Assignment: Print the data below exactly, but only the lines from the one containing "Niñitas Medias de canalé - Blanco - Ver 3" down to the one containing "Threaded 90 Degree", inclusive.

Task material:
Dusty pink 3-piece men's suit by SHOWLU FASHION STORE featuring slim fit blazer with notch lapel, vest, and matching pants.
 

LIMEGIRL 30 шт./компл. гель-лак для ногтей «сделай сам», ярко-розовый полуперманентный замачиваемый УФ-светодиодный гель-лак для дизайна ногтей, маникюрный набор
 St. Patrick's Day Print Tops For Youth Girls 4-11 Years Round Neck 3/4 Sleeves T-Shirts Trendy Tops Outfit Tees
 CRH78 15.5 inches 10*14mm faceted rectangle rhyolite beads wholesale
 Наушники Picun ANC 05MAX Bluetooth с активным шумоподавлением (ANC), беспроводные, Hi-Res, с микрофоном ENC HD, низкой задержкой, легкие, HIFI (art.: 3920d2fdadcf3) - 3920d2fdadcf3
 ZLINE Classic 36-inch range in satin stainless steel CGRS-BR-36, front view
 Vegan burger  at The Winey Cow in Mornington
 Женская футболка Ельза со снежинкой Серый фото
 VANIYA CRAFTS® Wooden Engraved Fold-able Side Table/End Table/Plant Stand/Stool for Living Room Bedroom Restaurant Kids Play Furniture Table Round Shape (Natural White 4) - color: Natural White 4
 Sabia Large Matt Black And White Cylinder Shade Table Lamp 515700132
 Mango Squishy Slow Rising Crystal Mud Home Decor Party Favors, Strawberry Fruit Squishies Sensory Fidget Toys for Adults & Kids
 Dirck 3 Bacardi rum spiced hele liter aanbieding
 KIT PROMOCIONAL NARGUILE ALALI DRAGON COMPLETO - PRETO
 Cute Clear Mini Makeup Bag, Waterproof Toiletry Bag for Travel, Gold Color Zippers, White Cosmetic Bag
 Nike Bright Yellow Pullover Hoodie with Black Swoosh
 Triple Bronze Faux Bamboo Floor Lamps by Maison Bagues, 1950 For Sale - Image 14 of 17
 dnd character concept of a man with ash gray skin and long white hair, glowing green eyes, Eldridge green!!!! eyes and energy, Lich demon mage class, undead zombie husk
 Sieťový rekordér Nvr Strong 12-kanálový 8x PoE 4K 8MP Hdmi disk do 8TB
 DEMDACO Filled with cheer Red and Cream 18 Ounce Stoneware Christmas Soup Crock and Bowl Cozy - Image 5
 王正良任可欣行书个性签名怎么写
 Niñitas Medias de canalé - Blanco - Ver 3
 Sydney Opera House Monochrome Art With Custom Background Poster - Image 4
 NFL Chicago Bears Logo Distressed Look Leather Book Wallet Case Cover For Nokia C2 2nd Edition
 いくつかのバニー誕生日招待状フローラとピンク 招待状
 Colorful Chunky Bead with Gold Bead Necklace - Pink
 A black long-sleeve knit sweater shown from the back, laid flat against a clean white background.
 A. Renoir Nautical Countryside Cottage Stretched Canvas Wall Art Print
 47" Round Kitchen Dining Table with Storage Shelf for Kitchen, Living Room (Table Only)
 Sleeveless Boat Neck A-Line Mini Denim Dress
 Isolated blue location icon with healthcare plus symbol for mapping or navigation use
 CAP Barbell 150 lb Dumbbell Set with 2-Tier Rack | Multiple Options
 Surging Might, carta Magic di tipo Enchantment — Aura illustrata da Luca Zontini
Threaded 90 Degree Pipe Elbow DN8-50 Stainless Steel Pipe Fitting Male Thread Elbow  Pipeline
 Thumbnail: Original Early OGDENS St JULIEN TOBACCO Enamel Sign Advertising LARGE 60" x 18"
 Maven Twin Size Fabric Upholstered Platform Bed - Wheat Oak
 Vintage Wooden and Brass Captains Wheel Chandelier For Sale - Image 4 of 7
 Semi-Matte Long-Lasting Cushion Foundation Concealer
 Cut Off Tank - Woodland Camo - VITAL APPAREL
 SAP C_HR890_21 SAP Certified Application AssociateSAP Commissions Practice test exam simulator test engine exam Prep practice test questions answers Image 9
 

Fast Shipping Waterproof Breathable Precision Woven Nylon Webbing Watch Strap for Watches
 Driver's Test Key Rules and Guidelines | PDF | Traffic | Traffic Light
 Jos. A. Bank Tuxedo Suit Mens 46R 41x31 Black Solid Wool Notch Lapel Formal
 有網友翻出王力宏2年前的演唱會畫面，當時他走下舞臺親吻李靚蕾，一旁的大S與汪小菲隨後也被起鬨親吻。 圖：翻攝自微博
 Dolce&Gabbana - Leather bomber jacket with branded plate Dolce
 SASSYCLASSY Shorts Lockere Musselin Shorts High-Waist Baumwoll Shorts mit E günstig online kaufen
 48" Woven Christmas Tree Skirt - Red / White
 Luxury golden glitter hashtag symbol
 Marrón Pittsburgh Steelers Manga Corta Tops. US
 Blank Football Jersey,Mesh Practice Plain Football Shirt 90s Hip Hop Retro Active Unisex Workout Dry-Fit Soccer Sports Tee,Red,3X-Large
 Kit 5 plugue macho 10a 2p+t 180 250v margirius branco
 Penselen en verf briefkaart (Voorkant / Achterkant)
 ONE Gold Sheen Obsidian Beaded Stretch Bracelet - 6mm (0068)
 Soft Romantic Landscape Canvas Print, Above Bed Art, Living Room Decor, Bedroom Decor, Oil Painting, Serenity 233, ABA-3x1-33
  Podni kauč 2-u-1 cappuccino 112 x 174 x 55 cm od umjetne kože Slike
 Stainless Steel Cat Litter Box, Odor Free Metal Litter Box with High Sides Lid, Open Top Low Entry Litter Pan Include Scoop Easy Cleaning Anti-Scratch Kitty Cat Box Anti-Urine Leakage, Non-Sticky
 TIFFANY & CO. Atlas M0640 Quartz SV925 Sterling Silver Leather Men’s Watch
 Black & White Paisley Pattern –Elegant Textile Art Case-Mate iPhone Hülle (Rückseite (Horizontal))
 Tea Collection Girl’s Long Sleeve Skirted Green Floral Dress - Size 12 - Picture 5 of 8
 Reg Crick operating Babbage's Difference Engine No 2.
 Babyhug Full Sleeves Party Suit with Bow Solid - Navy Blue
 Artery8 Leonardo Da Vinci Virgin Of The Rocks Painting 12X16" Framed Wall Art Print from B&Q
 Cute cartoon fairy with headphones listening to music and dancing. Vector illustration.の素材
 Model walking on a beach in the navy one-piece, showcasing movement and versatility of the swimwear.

Solution for this problem:
 Niñitas Medias de canalé - Blanco - Ver 3
 Sydney Opera House Monochrome Art With Custom Background Poster - Image 4
 NFL Chicago Bears Logo Distressed Look Leather Book Wallet Case Cover For Nokia C2 2nd Edition
 いくつかのバニー誕生日招待状フローラとピンク 招待状
 Colorful Chunky Bead with Gold Bead Necklace - Pink
 A black long-sleeve knit sweater shown from the back, laid flat against a clean white background.
 A. Renoir Nautical Countryside Cottage Stretched Canvas Wall Art Print
 47" Round Kitchen Dining Table with Storage Shelf for Kitchen, Living Room (Table Only)
 Sleeveless Boat Neck A-Line Mini Denim Dress
 Isolated blue location icon with healthcare plus symbol for mapping or navigation use
 CAP Barbell 150 lb Dumbbell Set with 2-Tier Rack | Multiple Options
 Surging Might, carta Magic di tipo Enchantment — Aura illustrata da Luca Zontini
Threaded 90 Degree Pipe Elbow DN8-50 Stainless Steel Pipe Fitting Male Thread Elbow  Pipeline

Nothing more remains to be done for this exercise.